Cinemas in Hong Kong have received financial support in the city government’s fifth round of pandemic relief funding for business. The scheme provides a one-off subsidy of HK$50,000 ($6,410) per screen to each licensed cinema operator. The maximum subsidy per circuit is $1.5 million ($192,000). The government said that all 64 venues had applied, and that money was disbursed on Tuesday. The city’s cinemas have been repeatedly closed on government order and were shuttered through the 2021 New Year and Chinese New Year holiday seasons. Seating restrictions and concessions bans also applied when they were open. With the government pursuing a zero-COVID policy, and the city suffering the beginnings of an omicron wave, Hong Kong cinemas are currently closed again. – Patrick Frater


The Doha Film Institute’s Qumra event dedicated to fostering fresh Arab film fare through mentorships and curated networking with top industry execs has been canceled due to coronavirus concerns. It will run online for the second consecutive year. The DFI’s online edition of Qumra 2022, set for March 18-23, will feature its customary one-on-one sessions, as well as roundtables, meetings, and other networking opportunities for selected projects and their teams. – Nick Vivarelli


South Korean content (games, film, music and TV) exports rose by 16% in 2020, the first year of the pandemic, to reach $11.9 billion, according to data from the Ministry of Culture, Sports and Tourism published on Monday.
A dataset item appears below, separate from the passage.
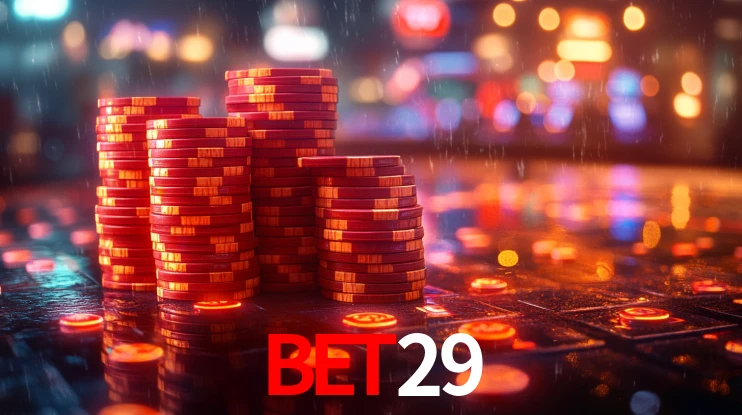 Sinta a adrenalina dos jogos de cassino com bet29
Games was the largest export component, worth $8.19 million and was up by 23% compared with 2019. Smaller segments grew their exports at a faster rate: likely reflecting the “Parasite” effect, films grew by 43% and was trailed by cartoons with 36% export growth and broadcasting by 29%. Growing exports cushioned the blow felt by the sector from COVID. While overall revenues across the content sector barely budged, weighing in at $107 billion, film suffered an overall 54% decline reflecting the closure of cinemas. Animation and music sectors also suffered double digit declines. Online games and cartoons were the winners, enjoying a COVID dividend both at home and in export markets. – Patrick Frater


Music School,” a new musical feature starring Shriya Saran and Sharman Joshi, has gone into production in Hyderabad, India with added health and safety measures to confront a third wave of the coronavirus pandemic in the area. A dedicated team has been appointed to the sanitation of the studio, any outside shooting locations and all vehicles used by the cast and crew. A full-time general physician has also been hired to be present on set for any potential medical emergencies and all those on set must practice social distancing, wear masks when not on camera and take weekly COVID screenings. Produced by Yamini Films and written and directed by Papa Rao Biyyala, the film tells the story of two teachers who fight to inject life into an otherwise boring school system.